Worrisome Properties of Neural Network Controllers and Their Symbolic Representations by Jacek Cyranka, Kevin E M Church and Jean-Philippe Lessard
Codebase consists of two separate packages (Python and Julia).
Controllers training, sybolic/small-net regression and persistent solutions search is done in Python, whereas computer-assisted proofs are performed in Julia due to availability of convenient libraries, weights of controllers including neural networks are transferred through csv files.
Raw csv datafiles with controller data imported in the paper appendix are found in controllers_data/pendulum and controllers_data/cartpole_swingup directories corresponding to the respective controller class.
At present our implementation is limited to two simple benchmark problems implemented in environment/cartpole_swingup_modif.py and environment/pendulum.py.

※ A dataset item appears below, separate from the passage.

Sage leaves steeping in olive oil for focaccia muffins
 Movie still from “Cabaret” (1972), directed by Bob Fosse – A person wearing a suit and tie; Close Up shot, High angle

We required the problems to be defined in a closed form and reimplemented in Julia in order to perform the proofs. We are working on extending our method to more complicated problems including the MuJoCo suite standard benchmark.
Each directory corresponding to the studied controller class contains info on the studied controllers, the computed metrics reported in the paper (like average return & penalty).
- ReLU... contain data of the deepNN controller (e.g., controllers_data/pendulum/ReLU_256_256_256_simple2),
- SmallNet contain data of the distilled SmallNets (e.g., controllers_data/pendulum/SmallNet)
- The 'finetune' folders contain data with the finetuned controllers. (e.g., controllers_data/pendulum/Symbolic_finetune_CMA ...)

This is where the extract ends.